__PROVIDED DATA__
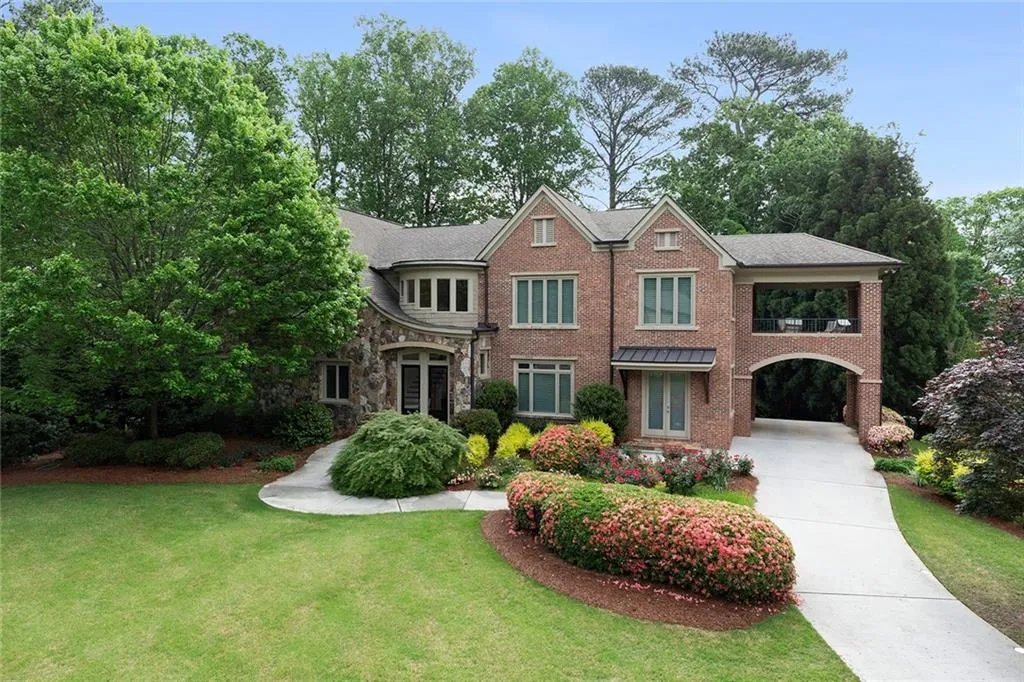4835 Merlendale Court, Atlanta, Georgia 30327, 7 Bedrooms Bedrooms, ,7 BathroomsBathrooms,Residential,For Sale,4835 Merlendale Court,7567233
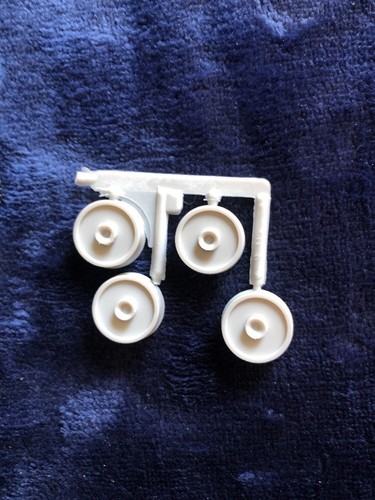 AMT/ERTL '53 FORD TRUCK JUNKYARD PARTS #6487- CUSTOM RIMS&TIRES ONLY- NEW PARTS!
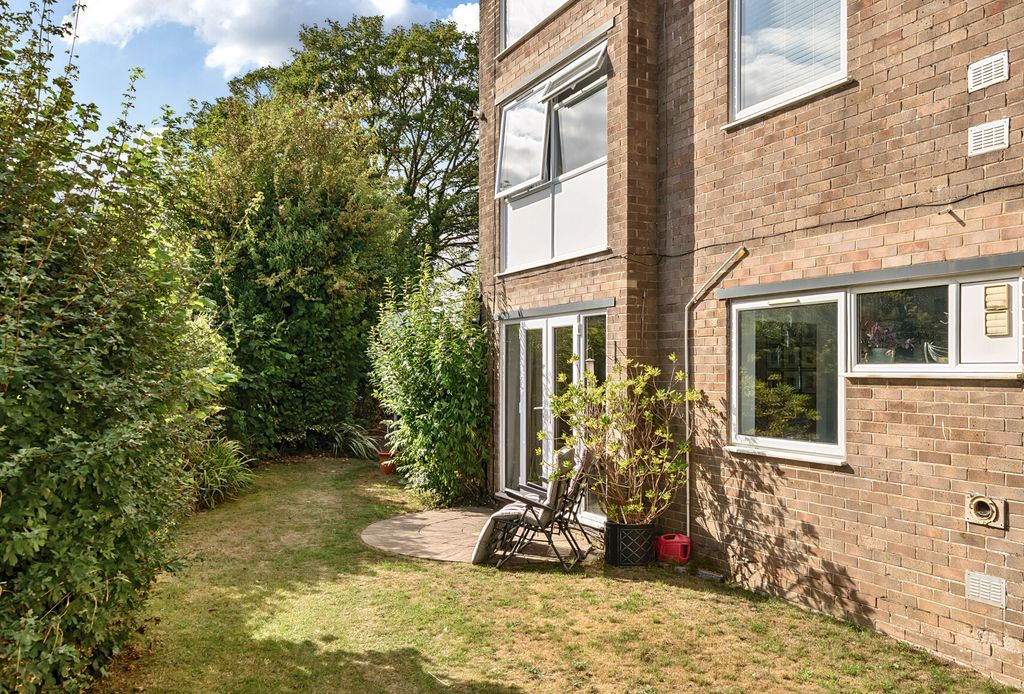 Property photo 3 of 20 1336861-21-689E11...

--

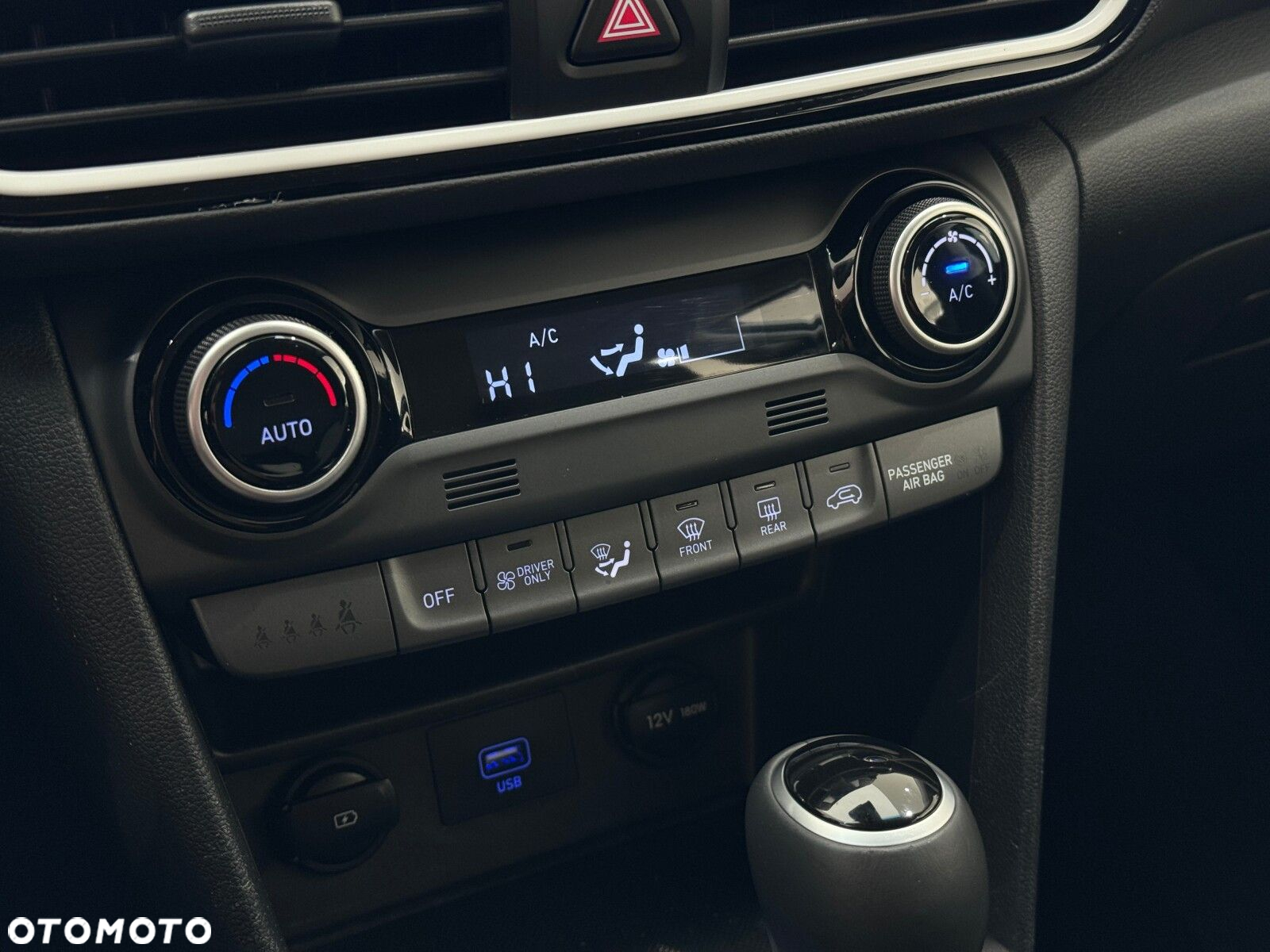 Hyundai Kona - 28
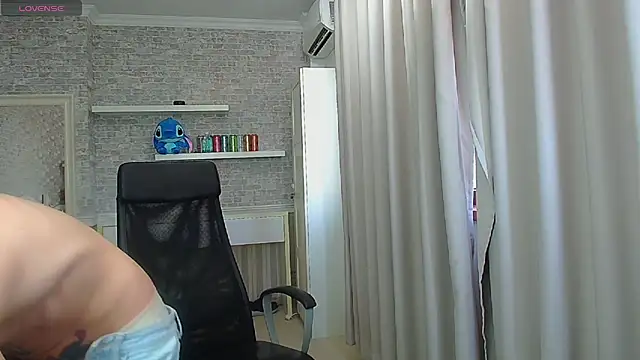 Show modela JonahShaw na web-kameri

__WORK REQUIRED__
Give back exactly the lines above that run from the one with "AMT/ERTL '53 FORD" to the one with "Property photo 3 of 20 1336861-21-689E11...", including both, with the pictures left out.

__ANSWER SECTION__
 AMT/ERTL '53 FORD TRUCK JUNKYARD PARTS #6487- CUSTOM RIMS&TIRES ONLY- NEW PARTS!
 Property photo 3 of 20 1336861-21-689E11...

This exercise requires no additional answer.